I loved that this one got away from pink and incorporated sparkle in a fresh way. The script feels hand drawn and the vibe is vintage modern. This listing is for a digital file and you can find it on Etsy as well.
Polka Dot Design is another good site if you’d rather set your own type rather than working with a designer. This invite is actually for a New Year’s party, but I thought it could easily be tweaked for a fancy bachelorette party.
If you’re going to go lingerie or kitsch, I think this is how to do it.The playbill lettering and ’50s pin-up balances perfectly with the cream paper and feels vintage without being busy.
This invite was our final choice. We loved the simple typography and the “All You Need Is Love” theme fit our bride perfectly. The hot pink seemed fresh with the crisp white instead of the black that I’d seen on so many other invites. Lisa from Blushface was also very easy to work with, responding quickly and sending us a few proofs until the invite looked just right. She also printed for us, which was something we were looking for.

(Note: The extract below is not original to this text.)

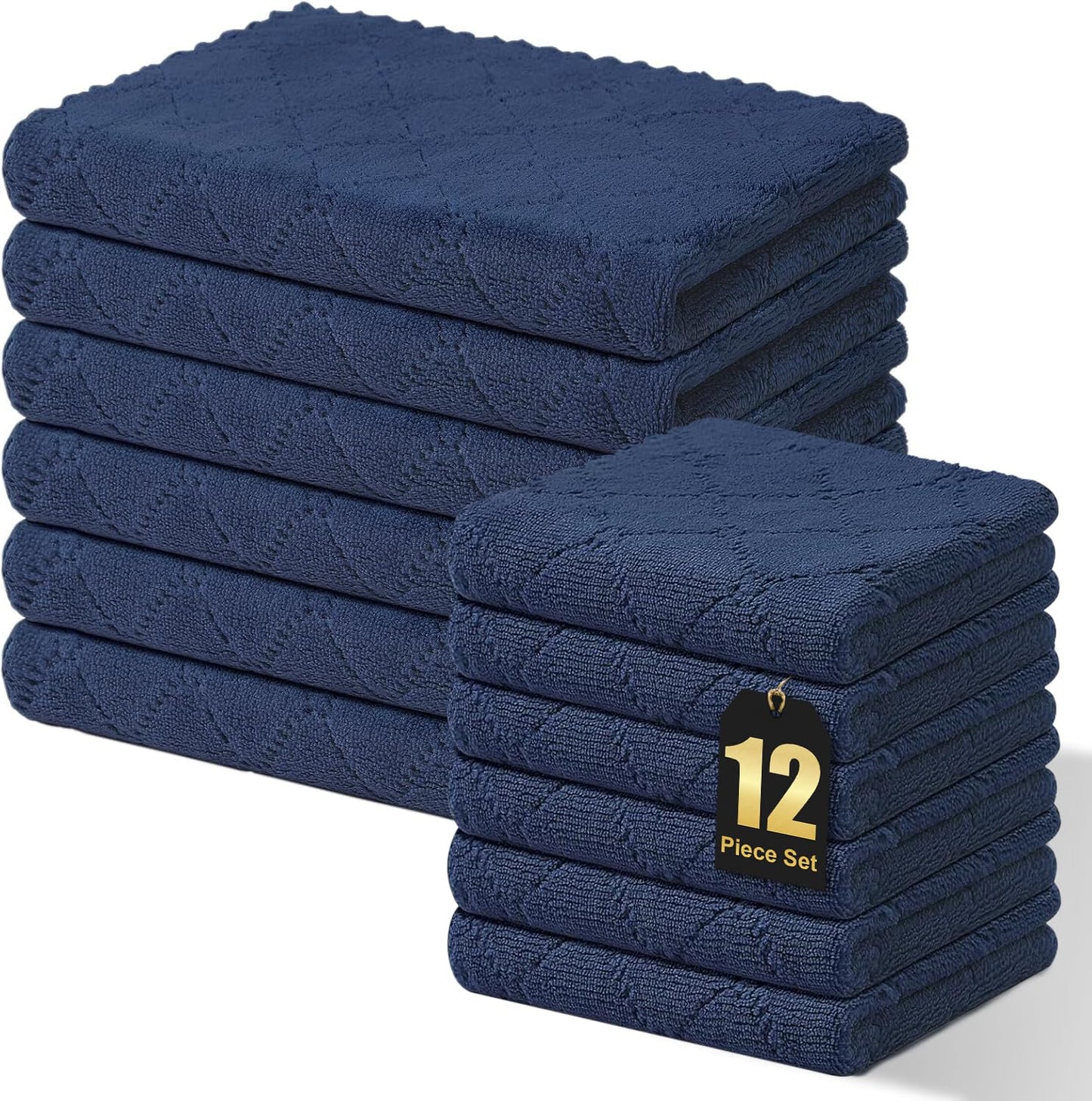 Homaxy 12 Pack Kitchen Dish Cloths (10 x 10 Inches, Grey), Super Soft and Absorbent Coral Velvet Dish Towels, Nonstick Oil Fast Drying Microfiber Cleaning Cloth, No Lint Household Dishcloths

In general, I recommend you shop around because prices can vary considerably. Print-on-demand sites like Wedding Paper Divas and Polka Dot Design are great for a budget and do have lots of options allowing for one-stop shopping and less time spent searching, but the templates aren’t completely customizable and I didn’t find very many designs that met my “clean and modern” criteria (the two sites I’ve mentioned were by far the best in that category). Designers can be more expensive, but not always. They also tend to have more interesting designs and will customize the invite to your needs. I found Etsy to be the best resource for this by far. Most of the designers on wedding website directories are looking for wedding invite orders, not smaller parties like showers and bachelorette weekends. Though I saw some amazing work, their clientele is focused on brides. Etsy invite designers were much more approachable for our purposes. Some designers provide printed files, but some don’t which means an extra expense. Alyssa and I used a board on Pinterest to display invites we liked all together, which helped to narrow our options and keep links at the ready for price comparison.